Input formatting

generate_utils.combined_edges(x, y)[source]

Given the edges from retweets and from mentions the function combine them both

Parameters
  • x – Edges from retweets

  • y – Edges from mentions

Returns

List of lists with the edges combined

generate_utils.direct_subgraphs(subgraphs)[source]

Given a networkx undirected list of subgraph the function returns all the graphs as directed

Parameters

subgraphs – List of undirected networkx subgraphs

Returns

List of directed subgraphs as networkx objects

generate_utils.filter_by_interest(df, interest)[source]

Given a non filtered DataFrame the function returns the dataframe filtered by the column interest

Parameters
  • df – DataFrame with all the tweets

  • interest – Active interest from the different categories available from the Lynguo tool

Returns

DataFrame containing the tweets filtered by the selected interest

generate_utils.filter_by_subtopic(df, keywords2, stopwords2)[source]

Given a previously filtered DataFrame the function returns the dataframe filtered according to the new subtopic of interest

Parameters
  • keywords2 – List of words acting as key to filter the dataframe

  • stopwords2 – List of words destined to filter out the tweets that contain them

Returns

DataFrame with the tweets containing the keywords

generate_utils.filter_by_topic(df, keywords, stopwords)[source]

Given a DataFrame the function returns the dataframe filtered according the given keywords and stopwords

Parameters
  • df – Dataframe with all the tweets

  • keywords – List of words acting as key to filter the dataframe

  • stopwords – List of words destined to filter out the tweets containing them

Returns

DataFrame with the tweets containing the keywords

generate_utils.getDays(df)[source]
generate_utils.get_all(df, keywords=None, stopwords=None, keywords2=None, stopwords2=None, interest=None)[source]

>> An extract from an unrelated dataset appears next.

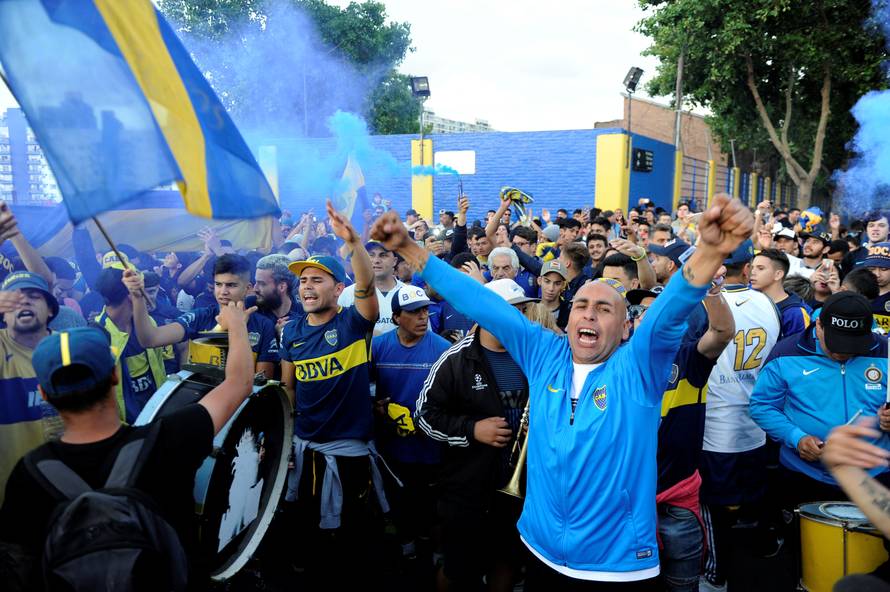 Boca Juniors' fans cheer as their team heads on to Spain to play the Copa Libertadores final, in Buenos Aires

Given a DataFrame containing all the tweets, the function returns all the tweet and the user who wrote or retweeted it in a nested list

Parameters
  • df – DataFrame with all the tweets

  • keywords – List of words acting as key to filter the DataFrame

  • stopwords – List of words destined to filter out the tweets that contain them

  • keywords2 – List of words acting as key to filter the DataFrame according to a subtopic

  • stopwords2 – List of words destined to filter out the tweets that contain them according to a subtopic

  • interest – Active interest from the different categories available from the Lynguo tool

Returns

Nested lists containing tweet and user

generate_utils.get_cites(df, keywords=None, stopwords=None, keywords2=None, stopwords2=None, interest=None)[source]

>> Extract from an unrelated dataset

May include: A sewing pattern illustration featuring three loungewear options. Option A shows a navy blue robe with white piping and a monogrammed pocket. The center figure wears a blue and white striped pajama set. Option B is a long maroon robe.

Given a DataFrame containing tweets the function returns those tweets belonging to the citations type, removing the retweets. The function also applies the filtering processes

Parameters
  • df – DataFrame with all the tweets

  • keywords – List of words acting as key to filter the DataFrame

  • stopwords – List of words destined to filter out the tweets that contain them

  • keywords2 – List of words acting as key to filter the DataFrame according to a subtopic

  • stopwords2 – List of words destined to filter out the tweets that contain them according to a subtopic

  • interest – Active interest from the different categories available from the Lynguo tool

Returns

Nested lists containing normal tweet, not retweets, and user who wrote the tweet

generate_utils.get_degrees(G)[source]

Given a Networkx directed graph, the function returns a CSV file containing the centrality measures of the graph (Indegree, Outdegree, Betweenness and Eigenvector) sorted by indegree

Parameters

G – Networkx directed graph

Returns

Dataframe with the users, centrality measures and rank based of those measures, sorted by the indegree

generate_utils.get_edges(values)[source]

Given a list of lists containing tweets or retweets and users the function returns the edges to create a network

Parameters

values – List of lists with the tweet and user

Returns

List of lists containing the user and the @ inside the tweet

generate_utils.get_edgesHashRT(values)[source]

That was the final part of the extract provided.